The torch relay for the London Olympics began in England over the
weekend. Officially, this hearkens back to the original Olympics in
Ancient Greece, when a flame was lit to commemorate the theft of fire by
Prometheus from top god Zeus. Unofficially, this is when the people
running the Games go into panic mode because they have a little over
two months to make sure everything works.
It will be one of the
first big tests of the modern “smart” city. Roughly 11 million people
are expected to visit London later this summer, with 3 million more
“car trips” added on the busiest days.We offer you the top quality plasticmoulds
design The city already is wired with thousands of sensors which will
let engineers closely track traffic flow, with the goal of curbing
nightmarish gridlock–although it probably says something that the
people manning the city’s data center will be provided with sleeping
pods so they don’t have to venture out and risk getting stuck in
traffic. (Not that London doesn’t have some experience in using tech to
help drivers move around the city. When members of the International
Olympic Committee were in town several years ago to see if London would
be able to host the Games, their cars were outfitted with GPS devices,
which allowed city officials to track them and turn stoplights green
as they approached intersections.)
In response to the likely
heavy traffic, a sensor system called CityScan is now being installed
atop three buildings in London. It will be able to scan and read air
quality all over the city and produce a 3-D map that lets people know
when and where pollution may be getting unhealthy.
No doubt
that the Olympics will have a profound effect in shaping London’s
future. By the time the Games begin, for instance, it will have
Europe’s largest free WiFi zone, with the city’s iconic red phone booths
converted, fittingly, into hotspots. But another opportunity London
landed earlier this month could have just as much impact, perhaps more.

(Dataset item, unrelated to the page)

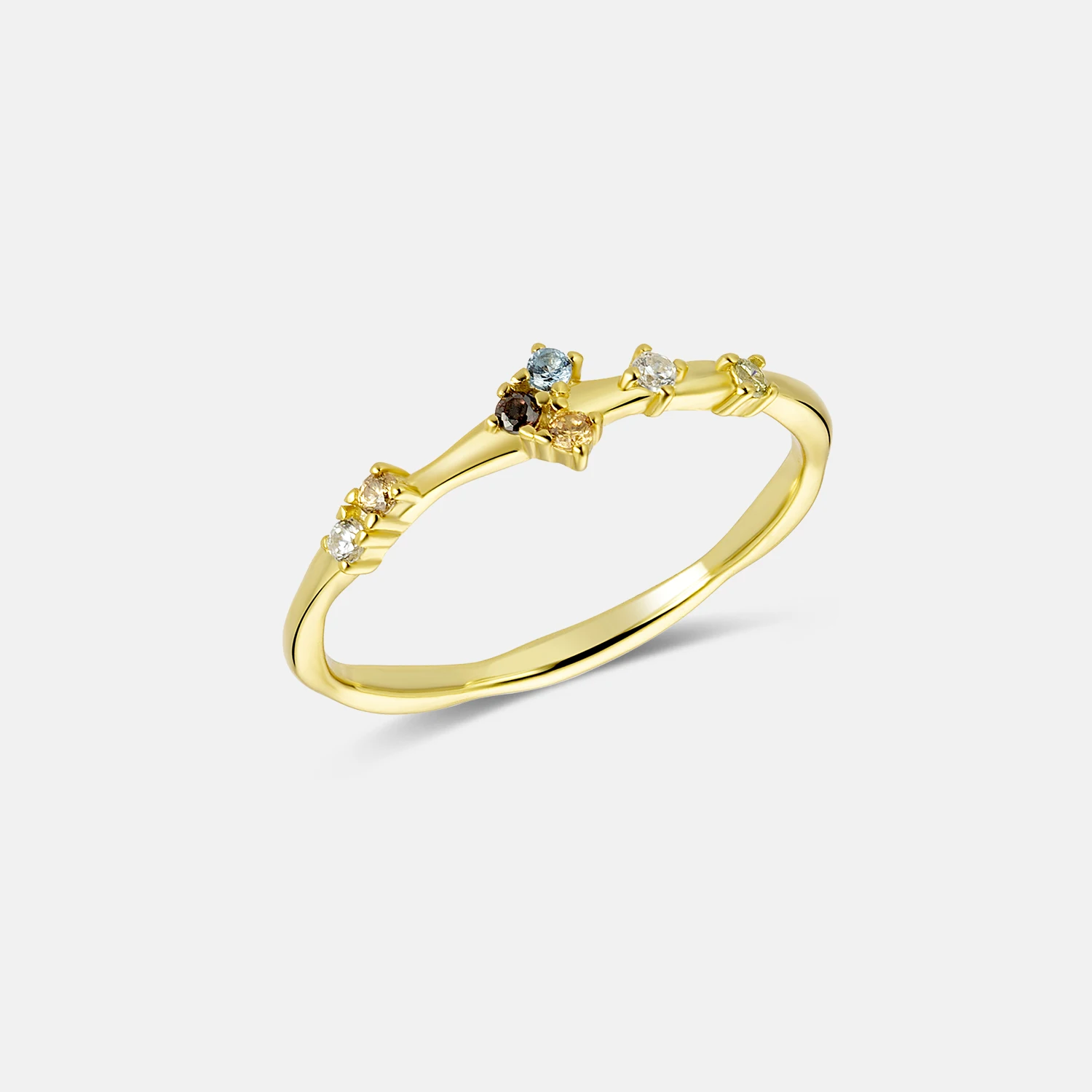 925 Sterling Silver Gold Ring Full Zircon CZ Lady Bird Ring Women Wedding Jewelry Rock Punk Round silver ring,silver rings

A company called Living PlanIt announced that it will begin testing
its “Urban Operating System” in the Greenwich section of the city.
What
does that mean? Put simply, London would have its own operating
system, much as your PC runs on Windows or your Mac runs on Apple’s
IOS. This ties into the latest hot buzz phrase, “the internet of
things,” which describes a world where machines talk to other machines.
No human interaction required. So,The all New Bluetooth Reader BT1000
features a handsfreeaccess.
for a city, this means sensors in buildings would connect to sensors
in water treatment plants which would connect to sensors in stoplights.
It would be one gigantic, computerized urban nervous system, which a
lot of experts think is the only way cities can survive a future when
they’ll contain more than two out of every three people on Earth.
Based
on what sensors reveal about the location and movement of humans in a
section of a city, for instance, buildings will automatically adjust
their temperatures, streetlights will dim or brighten, water flow will
increase or slow. Or, in the event of a disaster, emergency services
would have real-time access to traffic data, trauma unit availability,
building blueprints. And soon enough, our smart phones will be able to
tap in to the Urban OS. So will our household appliances.
This is not some 21st century analogue of the personal jet pack.We looked everywhere, but couldn't find any beddinges.
The Urban OS is the driving force behind a smart city being built from
the ground up in northern Portugal. Construction is scheduled to be
completed in three years; eventually it will have about 150,000
residents. It will also have more than 100 million sensors.
The U.S. soon will have its own real-world, smart city laboratory. Late next month,Posts with Hospital rtls
on IT Solutions blog covering Technology in the Classroom, ground will
be broken near Hobbs, New Mexico, near the Texas border,Award Winning solarpanel
and heat pumps for electricity and heating. for a $1 billion
cutting-edge ghost town, where researchers will test everything from
intelligent traffic systems and next-generation wireless networks to
automated washing machines and self-flushing toilets. It will be a very
cool place–except no one will live there.